The Backlands behind Frances Dorsey’s home are a constant reminder of the natural world lying inches beyond the door. Woven compositions inspired by the terrain with particular attention to the astonishing glacial erratics question glacial, and human, time.
Jennifer Escott observes intently, photographing the minute world of tiny plants on the forest floor, offering fascinating and wonderfully strange organisms that are a miniature universe teeming with life. We are invited to see the world in a grain of sand.
Using watercolour, Catherine Perehudoff Fowler explores the forests and water around Williams Lake, laying down patterns of colour and weaving them together with small brushstrokes. The outdoor work is painted directly while the studio work combines imagination with drawing, painting and careful layers of atmospheric glazing.
Graham Fowler grew up on the edges of the Backlands, which he describes as a childhood Arcadia. These works encompass digitally manipulated photographs, as landscape itself has become both subject matter and metaphor reflecting the unadulterated raw cyclical side of nature.
Painting primarily in the en plein air technique, Geoffrey Grantham connects with the raw surrounding landscape in a very personal way. The intimacy of this relationship affords him a profound and rewarding experience.
Ron Kuwahara brings the mind of the physicist, highly respectful of the forces of nature, to the spirit of the artist who sees the harmony and beauty of the natural world. His paintings explore patterns of light and shadow with splashes of abstracted colour which form recognizable images from afar.
In an abstract and minimalist style using paper and cardboard, Frankie Macauley references the topography of the McIntosh Run trails with three-dimensional sculptures. Incorporating geometric shapes, colour combinations and patterns that respond to site specific observations, she was fascinated by the observable shifts in plants, ground and canopy from one trail to the next.

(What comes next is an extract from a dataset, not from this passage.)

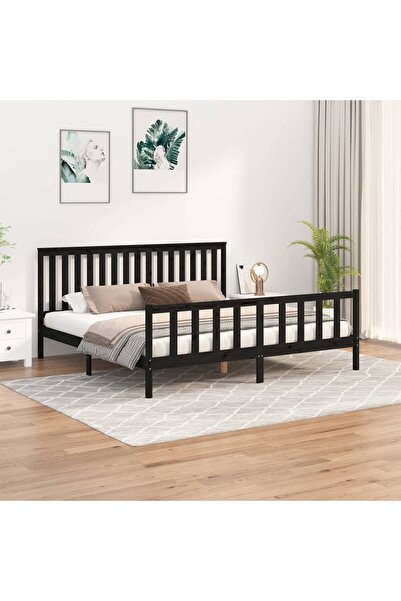 Concept Cadru de pat cu tăblie 200x200 cm, negru, lemn masiv de pin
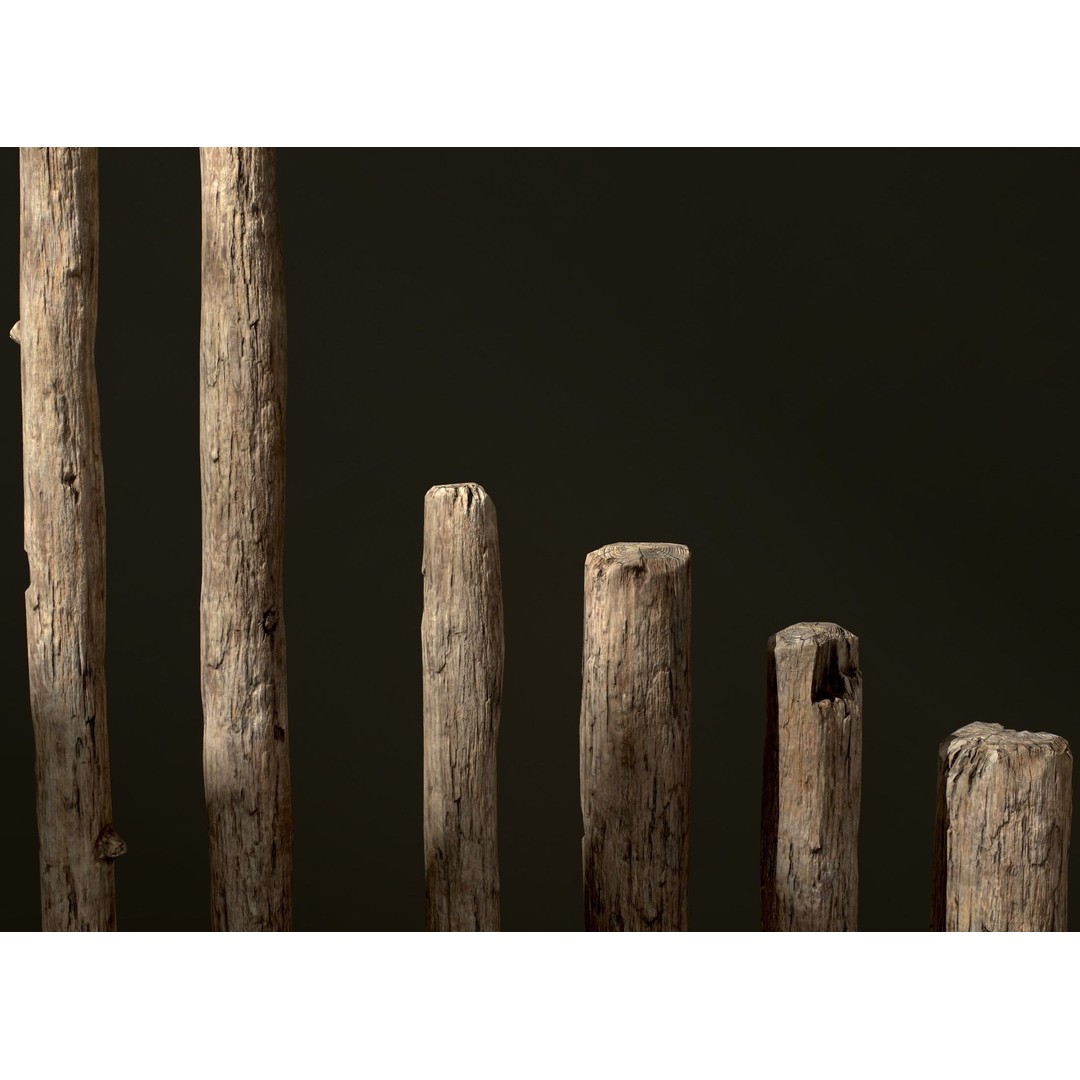 Old Wooden Poles 3D Model – Low Poly Game Asset, FBX, PBR Textures - View 38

Painter Christopher Webb describes the Backlands as “a space beyond utility – a terrain shaped by time, resilience and natural forces rather than human intervention.” His carefully rendered images of human encroachment on this space note fragility but also a kind of hopefulness that nature will in the end win.

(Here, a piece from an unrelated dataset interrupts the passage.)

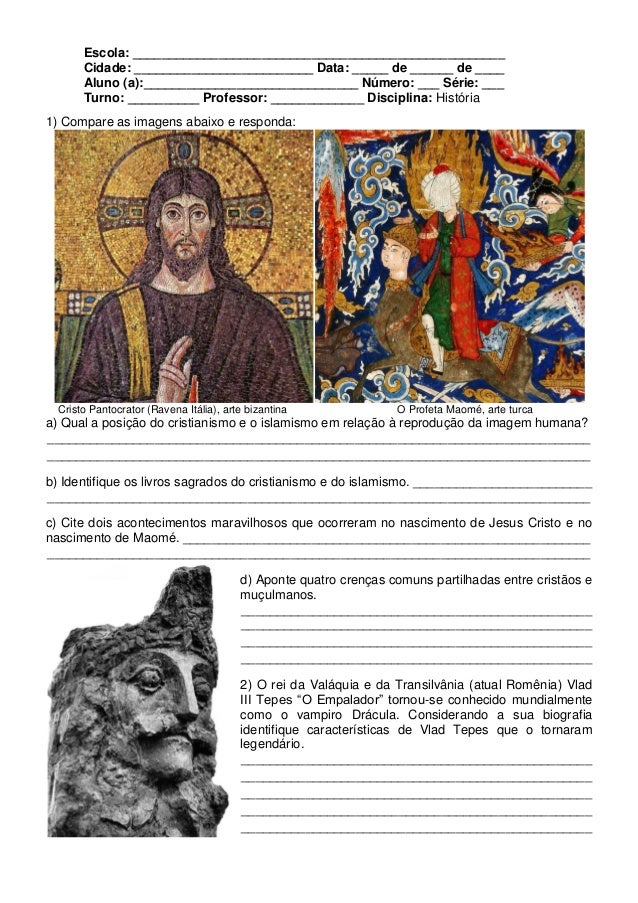 Atividades de História Bizâncio e Islão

The diversity in approach of the visual artists featured here at the Chase Gallery echo the multifaceted richness of the Backlands, and the other wild spaces around our city. The collection of works here is just a taste of the reflections of the many additional visual artists, musicians, writers, dancers, philosophers, scientists, thinkers, humans who equally derive joy, inspiration and a delight in existence from experiencing these spaces. There are so many reasons to protect the animals, plants, and landscape we have so fortunately inherited here from more development, for ourselves and for future generations. We endanger them at our peril.